UC Unleashed

Home > Exchange Server, PowerShell > Functions: Get-LocalAdminGroupMembership and Set-LocalAdminGroupMembership – Local Admin Group Membership on Remote Machines

Functions: Get-LocalAdminGroupMembership and Set-LocalAdminGroupMembership – Local Admin Group Membership on Remote Machines

December 22nd, 2011 Pat Richard Leave a comment Go to comments

While writing some PowerShell scripts to automate the installation of Exchange on over 100 servers, I needed to set and then verify that a group (in this case, “Exchange Trusted Subsystem”) was a member of the local admins group on some remote servers.

We start with Get-LocalAdminGroupMembership. This function merely checks the local admins group on a remote server to see if the group to be added is already a member. If it is, it returns $true, if not, $false. We need to pass it two variables: $ComputerName, and $Member. We don’t need to run this function. It’s called from the second function.

function Get-LocalAdminGroupMembership	{
	[CmdletBinding()]
	Param(
		[Parameter(Position=0, ValueFromPipeline=$true, ValueFromPipelineByPropertyName=$true)]
		$ComputerName = ".",
		[Parameter(Position=1, ValueFromPipeline=$true, ValueFromPipelineByPropertyName=$true)]
		$Member
	)
	if($ComputerName -eq "."){$ComputerName = (get-WmiObject win32_computersystem).Name}
	$computer = [ADSI]("WinNT://" + $ComputerName + ",computer")
	$Group = $computer.psbase.children.find("Administrators")
	$members= $Group.psbase.invoke("Members") | % {$_.GetType().InvokeMember("Name", "GetProperty", $null, $_, $null)}
	if ($members -match $member){return $true}else{return $false}
} # end function Get-LocalAdminGroupMembership

The second function does all the heavy lifting.

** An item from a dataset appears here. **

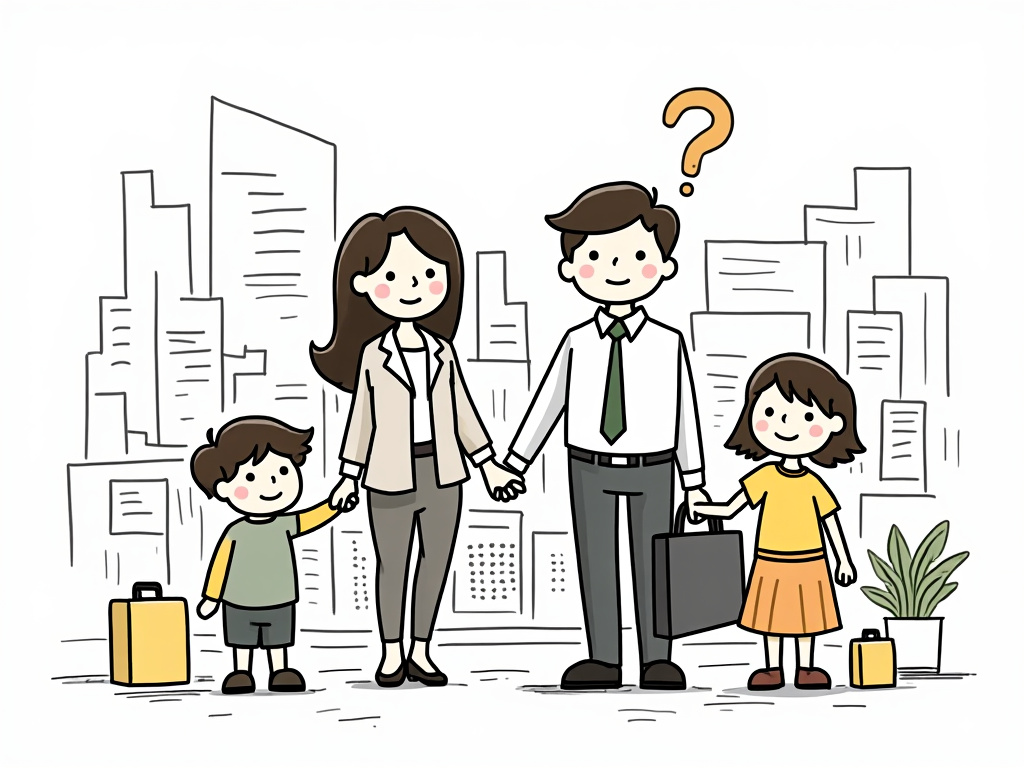 Family Greece visa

function Set-LocalAdminGroupMembership {
	[CmdletBinding()]
	Param(
		[Parameter(Position=0, Mandatory=$false, ValueFromPipeline=$true, ValueFromPipelineByPropertyName=$true)]
		[string]$ComputerName = ".",
		[Parameter(Position=1, Mandatory=$true, ValueFromPipeline=$true, ValueFromPipelineByPropertyName=$true)]
		[string]$Member,
		[Parameter(Position=2, Mandatory=$false, ValueFromPipeline=$true, ValueFromPipelineByPropertyName=$true)]
		[string]$Domain = $env:USERDNSDOMAIN
	)

	Process{
		if (!(Get-LocalAdminGroupMembership -ComputerName "$ComputerName" -Member "$Member")){
			if($ComputerName -eq "."){$ComputerName = $env:ComputerName.ToUpper()}    

			if($Domain){
  			$adsi = [ADSI]"WinNT://$ComputerName/administrators,group"
    		$adsi.Add("WinNT://$Domain/$Member,group")
			}else{
	  		Write-Host "Not connected to a domain." -ForegroundColor "red"
			}
		} else {
			Write-Host "`"$Account`" is already a local admin on $ComputerName" -ForegroundColor yellow
		}
		Get-LocalAdminGroupMembership -ComputerComputer "$ComputerName" -Member "$Member"
	}# Process
} # end function Set-LocalAdminGroupMembership

We call Set-LocalAdminGroupMembership and pass it the same parameters, $ComputerName and $Member

Set-LocalAdminGroupMembership -ComputerName mycomputer -Member "Exchange Trusted Subsystem"

The function will add the group to the local admins group, and then do a Get-LocalAdminGroupMembership for that same group and dump the results to the screen.